Thursday August 24, 2017 Written by Published in Virtues in Paradise
Apii Avarua principal Engia Baxter with former Frankton Primary School head Judy Dixon. 17082321 Apii Avarua principal Engia Baxter with former Frankton Primary School head Judy Dixon. 17082321

Schools across the island are counting themselves fortunate after being given the opportunity to participate in a workshop on the Character Education Programme by New Zealand visitor Judy Dixon.


The former Frankton Primary School principal has been in Rarotonga this month working with the Ministry of Education to provide specialist training.

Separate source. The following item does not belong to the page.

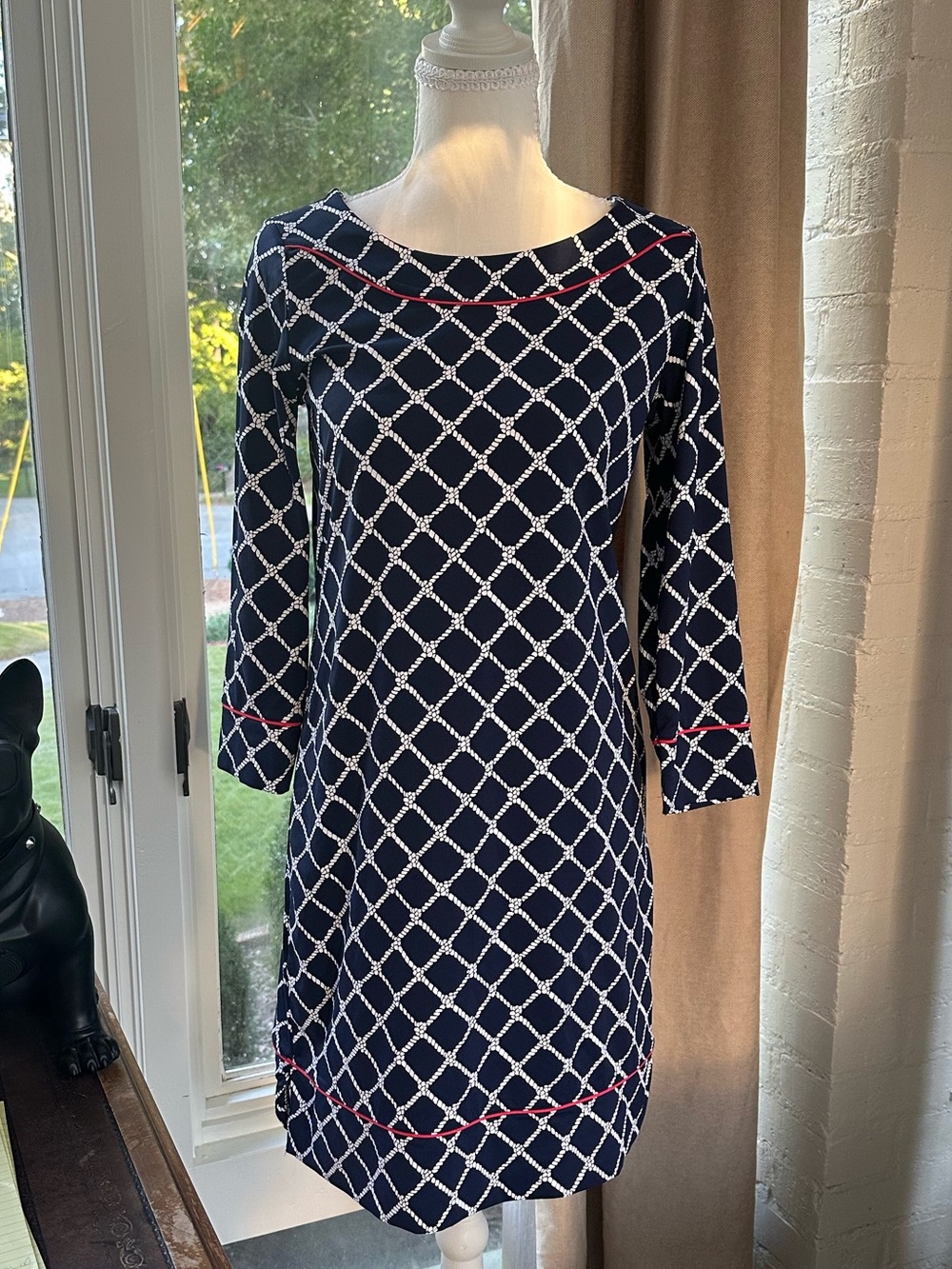 Lands' End Navy Rope-Lattice Shift Dress with coral piping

Dixon has been recognised as an outstanding principal who encourages all her students to excel by using the Virtues in their everyday school and home life.

She says Frankton Primary School has benefited hugely since being introduced to the programme 12 years ago.

It was the turn of Avarua Primary School teachers, teacher aides and early childhood teachers to participate in the workshop on Tuesday afternoon.

Principal Engia Baxter said the Virtues programme had been embraced by students and teachers since first being established at the school.

“This workshop was a positive time for us when we were equipped on how to actually activate the Virtues and what we already know, and what has already been developed within us by our parents, churches and our former teachers.”

Baxter said the programme was significant to the school as it helped shape children’s lives and taught them to develop the characteristics of the Virtues within themselves.

“Virtues help us as teachers and role models for the students to think before we speak.

“They cause us to evaluate ourselves. For example, how can we change the way we approach a child, instead of getting angry?”

Baxter says if the values promoted by the Virtues programme were absent from the school, it would not be a nice place to be.

“If we didn’t have these qualities, we would have lots of bullying, fighting, gossiping and undisciplined children.”

Baxter said the programme empowered teachers to continue to develop what they already knew and practised as teachers.

“It’s about speaking and making the Virtues a part of our everyday language.”